Needed from the data below: every line from the one with "Pastilhas e calços Valeo NOVOS originais" up to and including the one with "Custom moq 3", repeated exactly and with nothing else.

▸ **Records to use**:
● ● ● ● ●
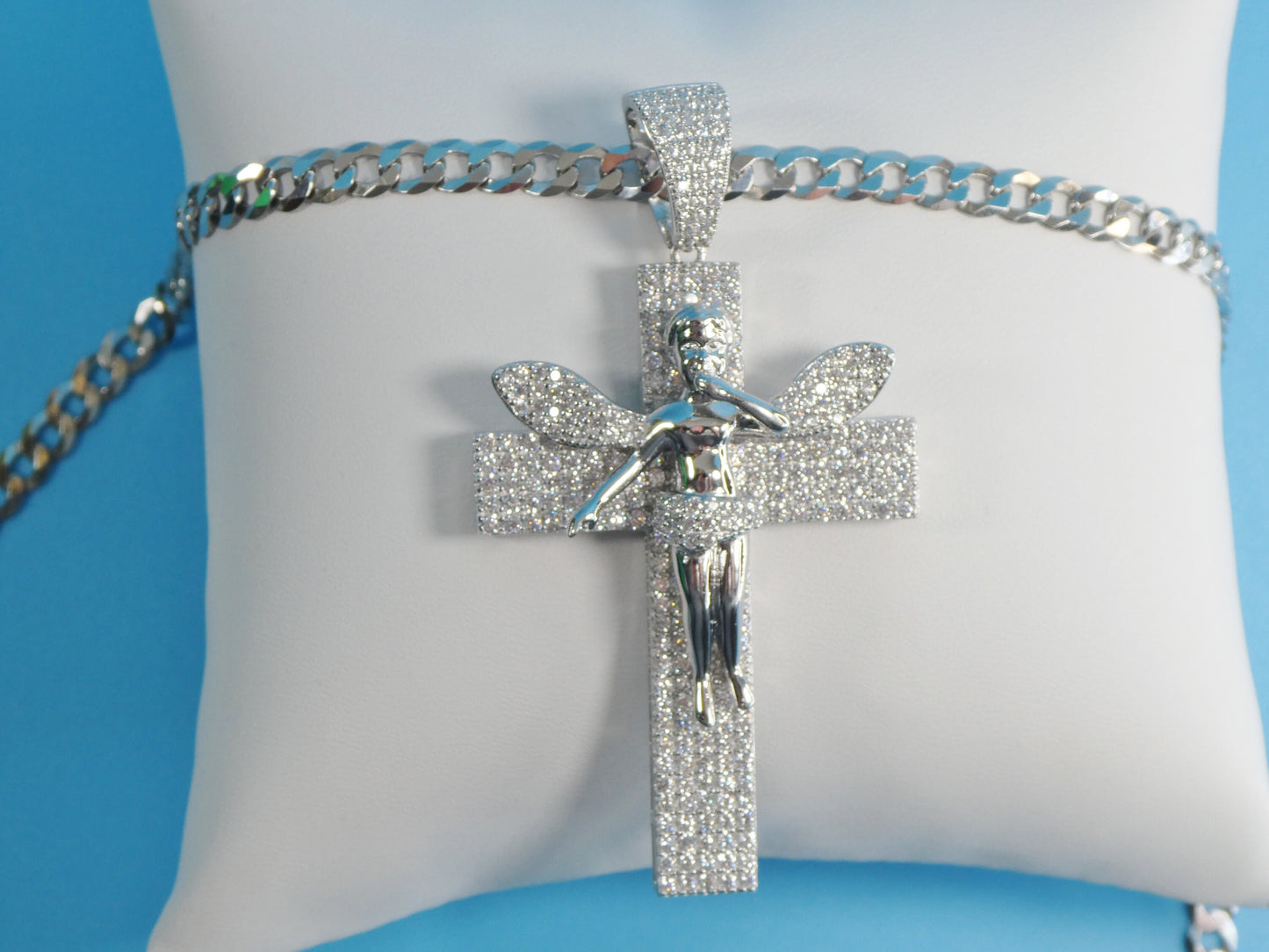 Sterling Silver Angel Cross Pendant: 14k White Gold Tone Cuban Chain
● ● ● ● ●
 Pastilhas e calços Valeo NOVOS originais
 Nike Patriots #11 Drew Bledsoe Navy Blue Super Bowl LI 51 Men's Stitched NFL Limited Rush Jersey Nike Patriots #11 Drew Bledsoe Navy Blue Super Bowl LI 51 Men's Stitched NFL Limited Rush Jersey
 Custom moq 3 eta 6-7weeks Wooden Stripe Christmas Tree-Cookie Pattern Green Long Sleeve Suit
● ● ● ● ●
▸ **Your solution**:
 Pastilhas e calços Valeo NOVOS originais
 Nike Patriots #11 Drew Bledsoe Navy Blue Super Bowl LI 51 Men's Stitched NFL Limited Rush Jersey Nike Patriots #11 Drew Bledsoe Navy Blue Super Bowl LI 51 Men's Stitched NFL Limited Rush Jersey
 Custom moq 3 eta 6-7weeks Wooden Stripe Christmas Tree-Cookie Pattern Green Long Sleeve Suit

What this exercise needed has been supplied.